Students United to Reform Education (SURE) to address school board Dec. 5th
William Jarvis
November/December 2000

Gainesville may wonder what to make of the group that has taken shape over the last couple of weeks, with its students who had a little to say on the news and promised a message delivered to the school board. There may be some confusion, as no single name was given, and for whatever reason, the group did not appear at the scheduled school board meeting as planned. And beyond the group's few concerns spoken of at the press conference, no platform exists. The student group born at Gainesville High School and swiftly expanding throughout its student body and soon to other schools has been silent.

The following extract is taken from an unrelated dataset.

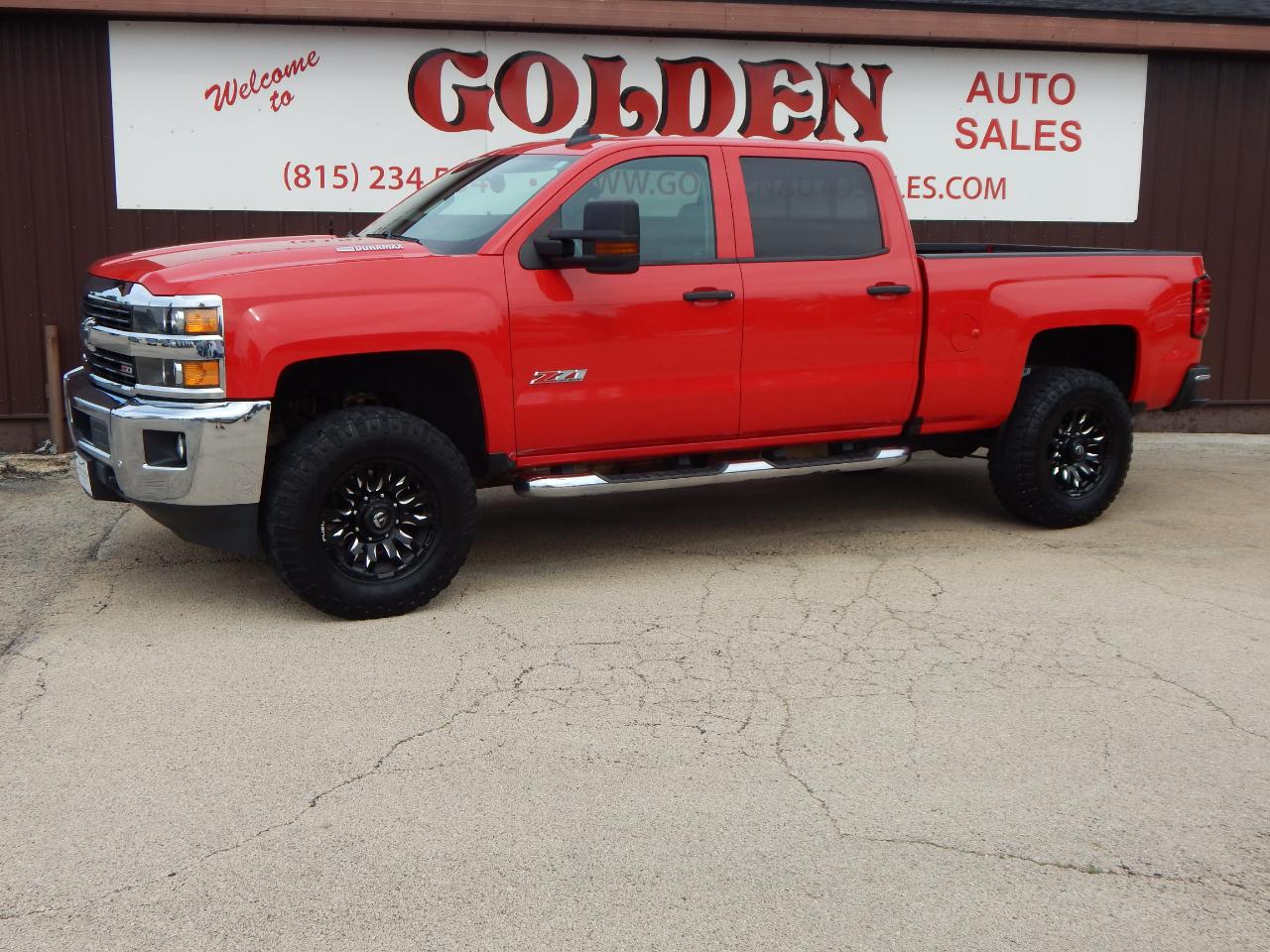 Chevrolet Silverado 2500HD 4WD Crew Cab 153.7" LTZ 2016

Let this serve as a clarification. Our group is known as SURE: Students United to Reform Education. The November 21st Alachua County School Board was indeed to be our debut, as we told the media and public; the day of the meeting, however, as we discussed the possibility of our confusion with the teachers' union and considered speaking at another date, our choice was made for us. At the suggestion of possible legal action on account of our supposed connection with the teachers' union, one of our teachers, Jim Owens, urged us not to go. As a favor to him, we did not appear, but we won't let our movement be silent for long.

At the December 5th meeting we will speak concerning a few issues that we find are key in the troubles with our education system. The Alachua County School Board meets at the Kirby Smith building on East University Ave. The meeting starts at 7 p.m.

Currently it seems that our particular school, Gainesville High School, fails to provide even fundamental physical rights. These are more basic than intellectual or emotional demands, and must be served first. Our bathrooms must be sanitary and accessible. Locker rooms and showers must be renovated and functional. Storage must be provided that adequately houses our books and school supplies as well as jackets, lunches, and the other myriad equipment hauled to school every day. We need superior facilities--for all students. Every student must be afforded these basic rights, such as the right to be clean and inoffensive to other students, the right to be unencumbered by hefty loads of books for each of our classes every day, the right to be free from distraction that comes from needing desperately to go to the bathroom in the middle of a class. Such conditions as our schools in Alachua County often have are not just inconvenient. They are demeaning and damaging. Another primary freedom students must have is the freedom to have enough time to ingest our lunches. Our school-provided meals are nutritious, but how can it be a boon to our health to devour that nutritionally correct lunch in an unrealistically short amount of time? Thirty minutes for lunch each day with five taken for travel between classes and another fifteen or twenty waiting for our meals leaves ten minutes to eat. These situations at Gainesville High involving basic human functions--cleanliness, digestion, transportation, elimination--are not exceptional. Alachua County schools as a whole widely suffer the same.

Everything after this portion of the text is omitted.